The property now occupied by the luxury Phoenix Hotel at 37 Bregade was, according to Sophie Zinn’s memoirs, the site of a manor home bought by Christmas in 1790. According to a booklet describing the history of the current Hotel Phoenix, the property was first developed in the 1680’s. “The Bregade area was clearly the most distinguished part of Copenhagen, frequented by officers and gentlemen of the Court.”
The original house on the site of the Phoenix Hotel was described as “a 12 window, two story house with a basement, a low 4-window brickwork attic, and a 3 window gable facing the Dronningens Tvaergade. In 1749 it was expanded by the addition of a 7-window wing facing Dronningens Tvaergade built as an independent mansion in the rococo style.”
The National Museum of Denmark, Ny Vestergade 10, Copenhagen, contains a painting of Dronningens Tvaergade 1-3 (Count Gyldensteens Palae) dated to 1749 by I. Rach and H.H.Eegberg.
In a letter to one of his brothers, John also mentions the loss of “our property” in the Virgin Islands to England. In a letter to his brother, James Smith, he is more specific: “I have already declared to you that by the capture of St. Croix by the English my house is kept out of property there to the amount of L3,000.” (Copenhagen, Nov. 24, 1801.)
No will has yet been found for Capt. John. However, on November 28, 1816 he did make an application to the king of Denmark (Frederick VI) asking that his three daughters: Sophie Protheroe, Laura Sothebey, and Bertha Duntzfeldt, each be allowed to inherit the same portion of his belongings as his sons John Christmas and George Beresford Christmas. At that time in Danish history, daughters were normally allowed to inherit only half of a share. His application was granted in December of 1818.

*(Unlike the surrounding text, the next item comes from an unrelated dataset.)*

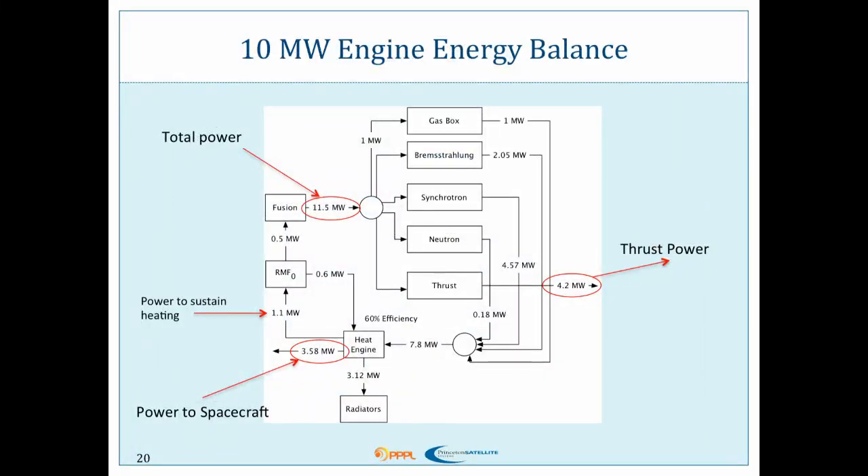Here's an example of an energy balance for a 10-megawatt engine, which would be something you would use to go to Mars potentially. This shows the distribution of power between our radiation losses from the plasma — Bremsstrahlung and synchrotron — our neutron heat, which is a very small portion of our total power, and then modeling what's left to go to the spacecraft. This is a driven system — about 10% of our power is being recycled for our radio frequency heating at all times.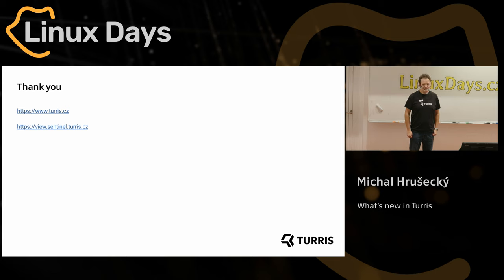Thank you for your questions and answers. It's lunchtime, so enjoy the food. Thank you.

The Ghost of Christmas Past
Mr. Beresford Christmas in 1885 reports that his father, cavalry officer George Beresford Christmas and his elder brother, likewise in Danish service, Admiral John Christmas, both had told him the following:
“Around 1825 they were on their way to St. Thomas, leaving their father in Copenhagen in good health. The two brothers slept in the same cabin. One night with quiet weather, a few day’s sailing from the islands, with open port holes and in bright moonlight which lighted up the whole cabin, both brothers awoke simultaneously and saw their father’s figure standing between their bunks within arm’s length from them. They perceived a chilling feeling rather than fear. The figure stood unmoving and silent for a moment which seemed to them an eternity. Then he moved his hand to the eyes which were closed. Not until now did they realize that the vision was ominous. One of the jumped out of his bunk and the figure disappeared.”

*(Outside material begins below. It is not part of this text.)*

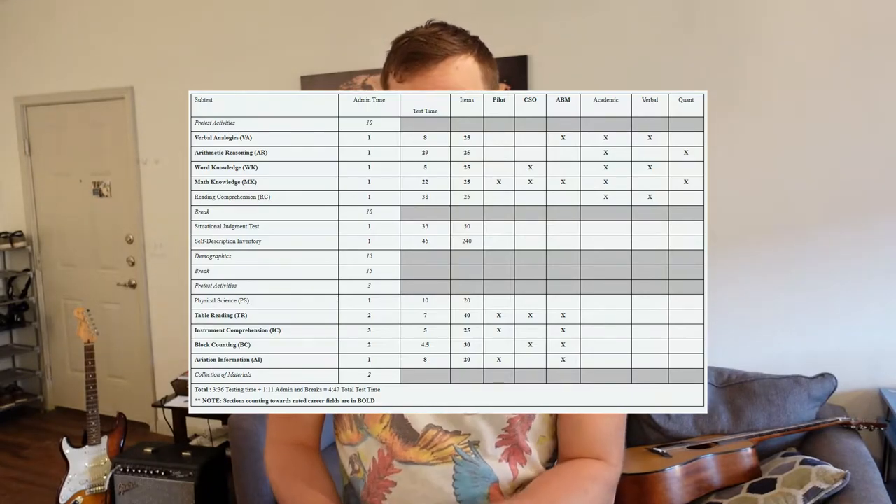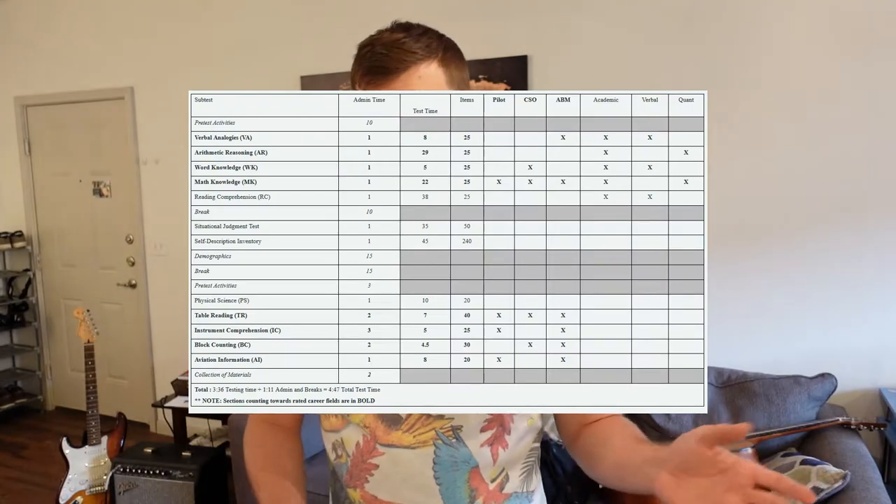Tip number three: decide what kind of job you want in the Air Force first. If you want to go rated, look at which subtests matter most for your specific job — pilot, CSO, or something else. If you want to be a general non-rated officer, there's no benefit in spending all your time studying the FAA manual to max out aviation knowledge. That won't help your academic aptitude sections. I scored 87 on the pilot section without ever opening the FAA manual, so you can make up for it on the other, easier-to-practice sections.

“The naval officer was so strongly impressed by the experience that he at once entered it in the log with date and hour, which later turned out to be the exact time of his father’s death.”
“Though this event was topic of conversation both on board and in Copenhagen, neither the narrator’s father nor his uncle like to talk about it.”
The John Christmas who we presume is the ghost in the above story died, according to Hauch Fausboll, on January 6, 1822. The reason for believing this John Christmas is the subject of the story is that he had two sons who named above. Also, Admiral John Christmas, son of Captain John Christmas, did in fact sail to the Virgin Islands 1821-22 on board the corvette Diana.
Place of burial
John Christmas is buried in Assistensens Kirkegard, Copenhagen, in a family plot no longer containing his grave marker. The plot is evidently that which now contains the remains of William and Bertha Duntzfelt. William was the son-in-law of J.C. An adjacent plot was later occupied by George Beresford Christmas and other family members.
The life of Capt. John Christmas as told here emphasizes his complex relationships with various women. This emphasis was simply the product of the available records. The authors would have preferred to give greater attention to the captain’s adventures at sea or as a merchant – but records of that type, including ships logs, could not be found. Available records did, of course, reveal the captain’s substantial success as a merchant and trader during a period of major conflict between his two countries.
In regard to Christmas’ extensive record of broken relationships with women, it can at least be said that third party witnesses supported his claims of serious shortcomings in the behavior of his first two wives. His decision not to marry Anne C. Lynge, a much younger woman of the peasant class, was at least consistent with his widely shared belief in the importance of class distinctions in both England and Denmark. It was this belief which caused him to stress his rank as a gentleman, to hint at an aristocratic ancestry, and to marry three women from merchant families.
Sea captains of that, or any, period had a difficult time maintaining a marriage and one cannot but sympathize with their wives during the many months they found themselves living alone or with just their children.
In hindsight we might wish that John and Sophie had found happiness together. She was an attractive young woman of high intelligence. But had they made a successful match, where would we, the descendents of John’s subsequent wives and girlfriends, be today?
CHRONOLOGY OF LIFE OF JOHN CHRISTMAS (SMITH)
John Christmas Smith christened in Bideford, England (July 14), son of Edward Smith and Judith Rebecca Hopkins.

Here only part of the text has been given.